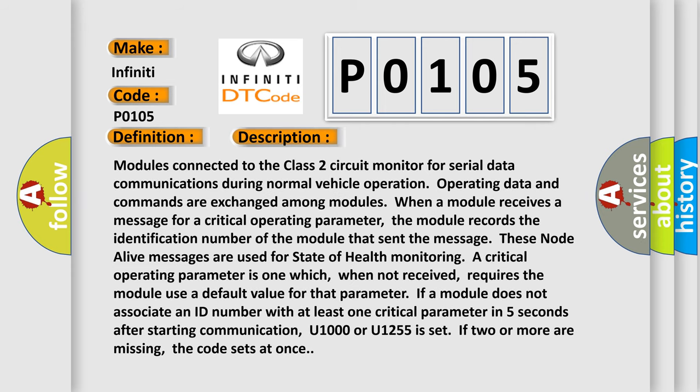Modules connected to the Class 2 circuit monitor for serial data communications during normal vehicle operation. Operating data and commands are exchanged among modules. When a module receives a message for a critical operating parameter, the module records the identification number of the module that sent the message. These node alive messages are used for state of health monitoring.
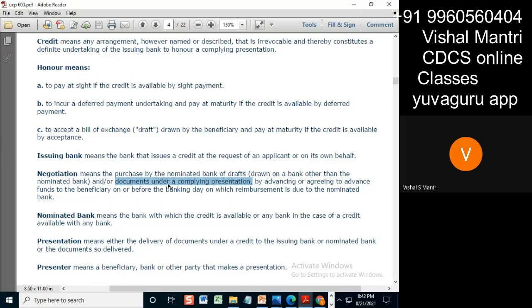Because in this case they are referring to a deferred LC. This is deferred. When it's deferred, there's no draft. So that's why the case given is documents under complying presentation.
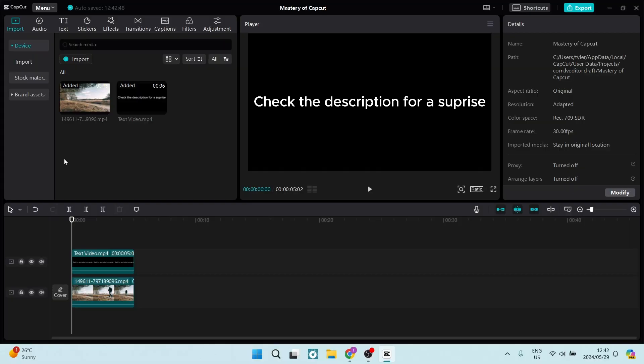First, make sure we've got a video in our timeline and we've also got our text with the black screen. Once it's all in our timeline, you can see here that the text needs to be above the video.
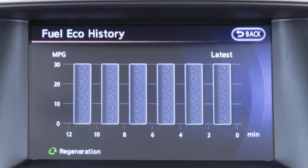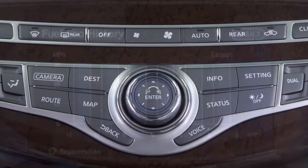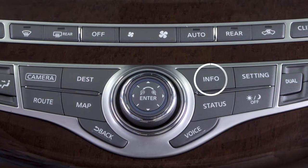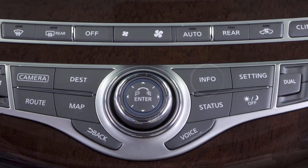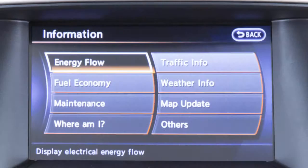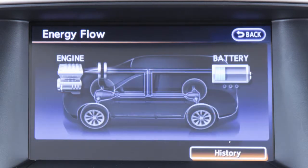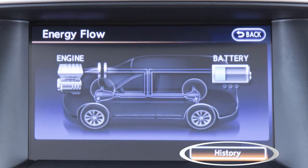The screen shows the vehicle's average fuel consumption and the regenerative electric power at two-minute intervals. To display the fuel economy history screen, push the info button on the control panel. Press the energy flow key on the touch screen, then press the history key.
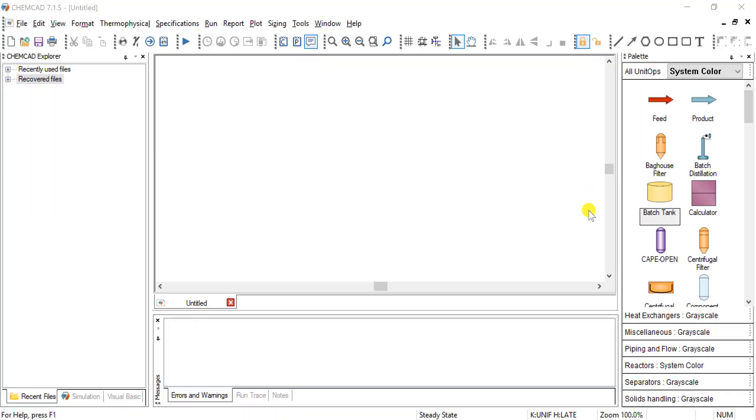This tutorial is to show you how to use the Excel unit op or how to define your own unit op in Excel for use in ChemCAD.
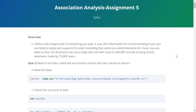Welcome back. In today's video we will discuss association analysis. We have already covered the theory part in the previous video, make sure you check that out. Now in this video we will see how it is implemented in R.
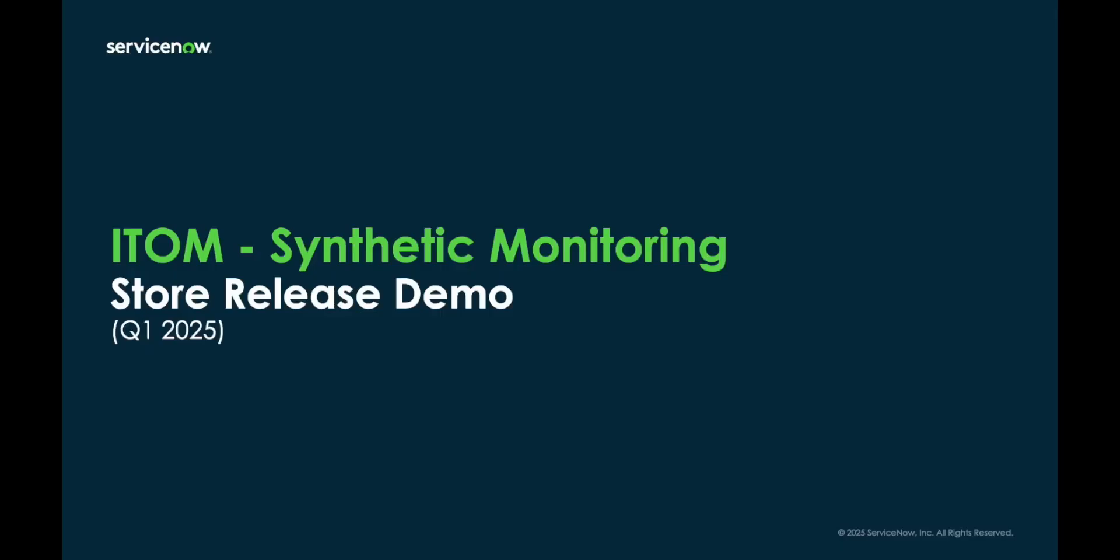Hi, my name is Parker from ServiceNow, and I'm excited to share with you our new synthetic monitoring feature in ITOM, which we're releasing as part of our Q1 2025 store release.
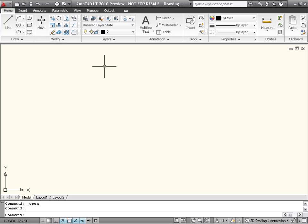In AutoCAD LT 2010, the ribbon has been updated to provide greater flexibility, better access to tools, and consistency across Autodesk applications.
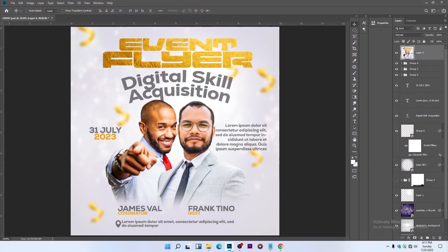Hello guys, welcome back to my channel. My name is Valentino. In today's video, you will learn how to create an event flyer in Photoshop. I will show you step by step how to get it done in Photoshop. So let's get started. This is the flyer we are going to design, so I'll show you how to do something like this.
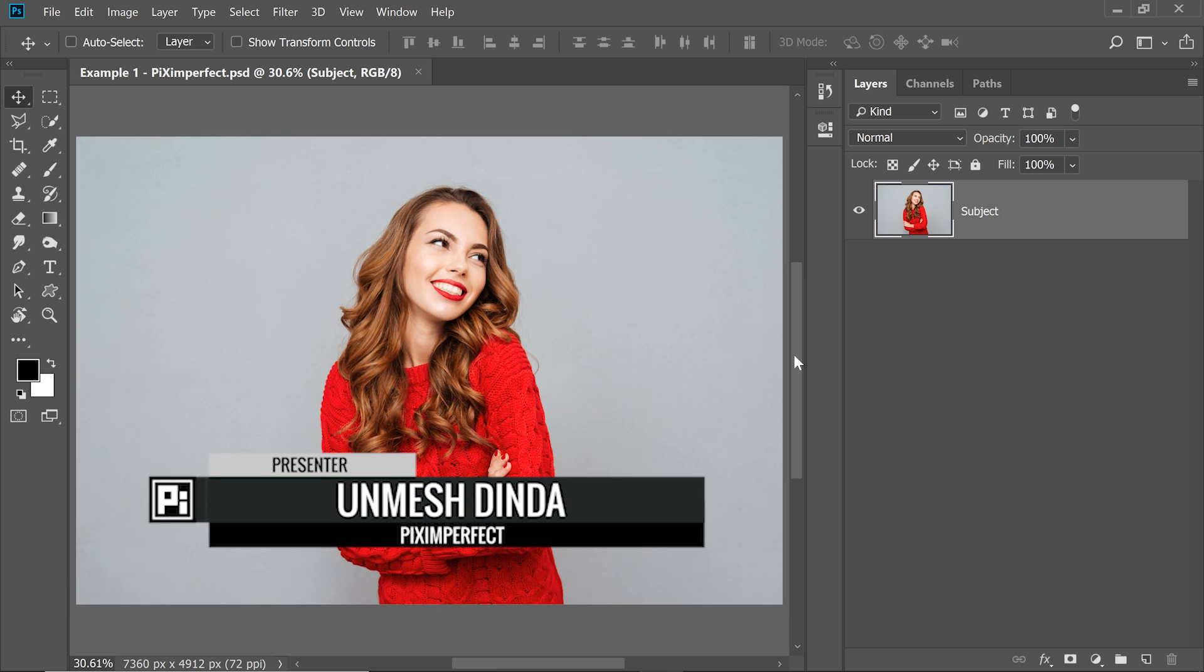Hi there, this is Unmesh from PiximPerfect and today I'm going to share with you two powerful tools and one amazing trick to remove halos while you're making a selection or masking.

=====

A faithful copy of all the lines above is needed, with the pictures omitted.

# RESULT OF THIS EXERCISE
Modules connected to the Class 2 circuit monitor for serial data communications during normal vehicle operation. Operating data and commands are exchanged among modules. When a module receives a message for a critical operating parameter, the module records the identification number of the module that sent the message. These node alive messages are used for state of health monitoring.
Because in this case they are referring to a deferred LC. This is deferred. When it's deferred, there's no draft. So that's why the case given is documents under complying presentation.
First, make sure we've got a video in our timeline and we've also got our text with the black screen. Once it's all in our timeline, you can see here that the text needs to be above the video.
The screen shows the vehicle's average fuel consumption and the regenerative electric power at two-minute intervals. To display the fuel economy history screen, push the info button on the control panel. Press the energy flow key on the touch screen, then press the history key.
This tutorial is to show you how to use the Excel unit op or how to define your own unit op in Excel for use in ChemCAD.
Welcome back. In today's video we will discuss association analysis. We have already covered the theory part in the previous video, make sure you check that out. Now in this video we will see how it is implemented in R.
Hi, my name is Parker from ServiceNow, and I'm excited to share with you our new synthetic monitoring feature in ITOM, which we're releasing as part of our Q1 2025 store release.
In AutoCAD LT 2010, the ribbon has been updated to provide greater flexibility, better access to tools, and consistency across Autodesk applications.
Hello guys, welcome back to my channel. My name is Valentino. In today's video, you will learn how to create an event flyer in Photoshop. I will show you step by step how to get it done in Photoshop. So let's get started. This is the flyer we are going to design, so I'll show you how to do something like this.
Hi there, this is Unmesh from PiximPerfect and today I'm going to share with you two powerful tools and one amazing trick to remove halos while you're making a selection or masking.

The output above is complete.